=== Work request ===
Repeat the data in full and exactly. Leave the pictures out.

=== Dataset extract ===
_____

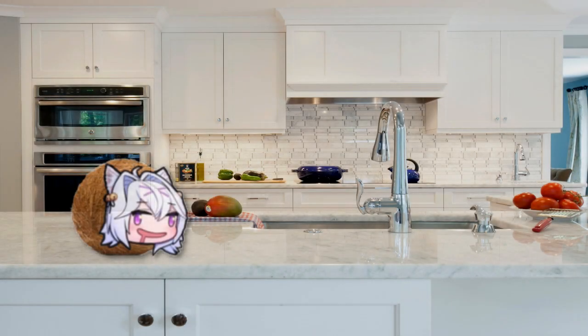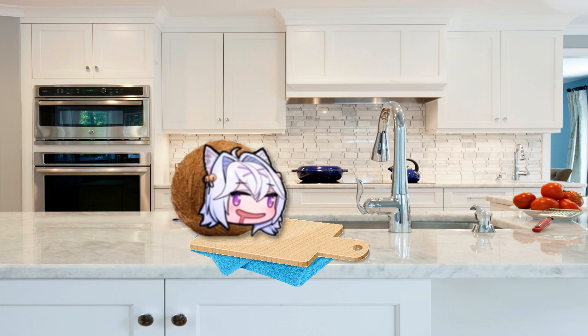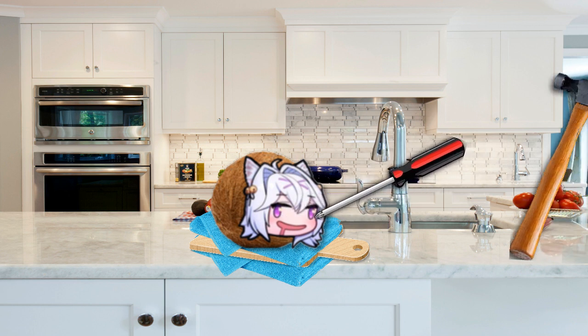The first thing we want to do is drain the coconut water. To do that, we place a kitchen towel underneath a heavy cutting board and then another towel on top — this way the coconut won't slip around. Using a Phillips head screwdriver, we puncture what are known as the eyes, one at a time until all three are done. We may need the help of a hammer.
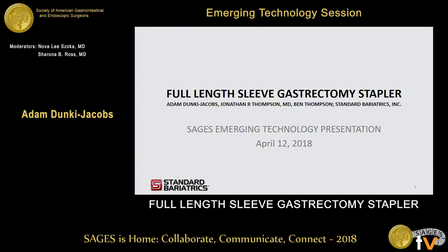Thank you for giving me the opportunity to talk to you today. I'll be presenting on a full-length sleeve gastrectomy stapler. In addition to myself, the contributors include Dr. Jonathan Thompson and Ben Thompson and Standard Bariatrics.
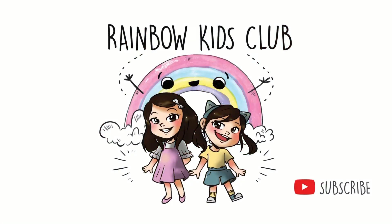Thank you for watching Rainbow Kids Club. Please subscribe to watch more of our videos.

_____

=== Solution to the problem ===
The first thing we want to do is drain the coconut water. To do that, we place a kitchen towel underneath a heavy cutting board and then another towel on top — this way the coconut won't slip around. Using a Phillips head screwdriver, we puncture what are known as the eyes, one at a time until all three are done. We may need the help of a hammer.
Thank you for giving me the opportunity to talk to you today. I'll be presenting on a full-length sleeve gastrectomy stapler. In addition to myself, the contributors include Dr. Jonathan Thompson and Ben Thompson and Standard Bariatrics.
Thank you for watching Rainbow Kids Club. Please subscribe to watch more of our videos.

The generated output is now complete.